We use the website or the app iOverlander to find free camping in the areas we travel. The site shows both free and paid campsites (but we try to avoid paid ones).

Most free campsites we stay at are “primitive,” meaning no facilities (no bathrooms, showers, drinking water, fire pit, picnic tables, etc). These campsites are usually on BLM (Bureau of Land Management) or public land that is free to use as long as you follow some simple rules.

If you are completely new to primitive camping, read our beginner’s guide to boondocking.

When using the website or app, you can click on each campsite to learn about the specific site and get directions. It’s a good idea to take screenshots of information in case you lose cell service (which is often in many of these primitive camping locations).

Pay attention, because some sites require a high-clearance vehicle. Take note of how many individual campsites there are at a given location because you might not get your first choice. Weekends and holidays are always busiest, so have a backup plan in case all the spots are taken.

And as always follow Leave No Trace principles. These free camping areas are a privilege, and if we take advantage of these areas they can easily be shut down and taken away from us. So please do you part and pack it in, pack it out.

2. Cook Your Own Meals

Emily making a delicious campsite meal.

For food, try to limit going out to eat or buying groceries in small towns as they are often more expensive.
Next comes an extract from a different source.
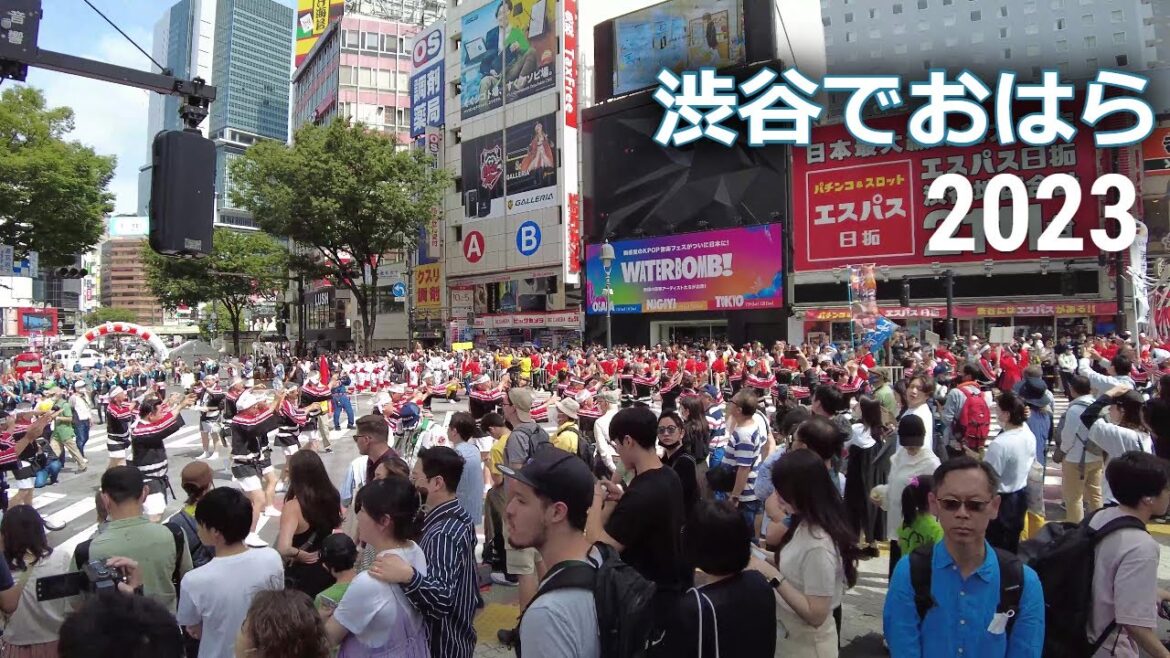 4K 2023年 渋谷・鹿児島おはら祭 渋谷でおはら ② / SHIBUYA-KAGOSHIMA OHARA Festival 2023 in Shibuya Tokyo Japan 4k 60fps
Pack food that is cheap and doesn’t need refrigeration like trail mix, rice/pasta sides, ramen, granola bars, apples, oatmeal, etc.

3. Try to find free firewood

If you want to have a fire every night to cook or just to stay warm, buying small bundles for $5+ dollars a pop can add up. Always be on the lookout for free firewood signs. Or check Craigslist because often when people cut down trees on their property they offer it free of charge if you pick it up.

4. Buy A National Parks Pass:

If you plan to go to 3 or more National Parks in a year, buy an America The Beautiful National Parks Pass. It will pay off in just 3 visits. An annual national parks pass in the US is one of the best values to see the nation’s most beautiful natural wonders.

Some of our most cherished travel memories are from our visits to National Parks.

5. Build your camping kit slowly:

If you start a new hobby, it’s easy to feel overwhelmed by all the gear you feel pressured to buy.

But really, you should just start with the bare essentials, and only build out your kit slowly. Only spend up on the important gear once you decide what is important to you. For us, that means a quality tent, sleeping bags, and sleeping pads, but we didn’t start off that way.

Jake and I started with a very basic Kelty Tent which honestly treated us great for years, until we got more into backpacking. Therefore, we have since upgraded to the ultralight Big Agnes Copper Spur UL3.

We both had moderate sleeping bags to start, but later sold them to upgrade to the Mens REI Magma 15 and the Womens Marmot Osprey 0. If there is one thing I don’t think you should skimp on is your sleeping bag, because being warm throughout the night means a better night’s rest.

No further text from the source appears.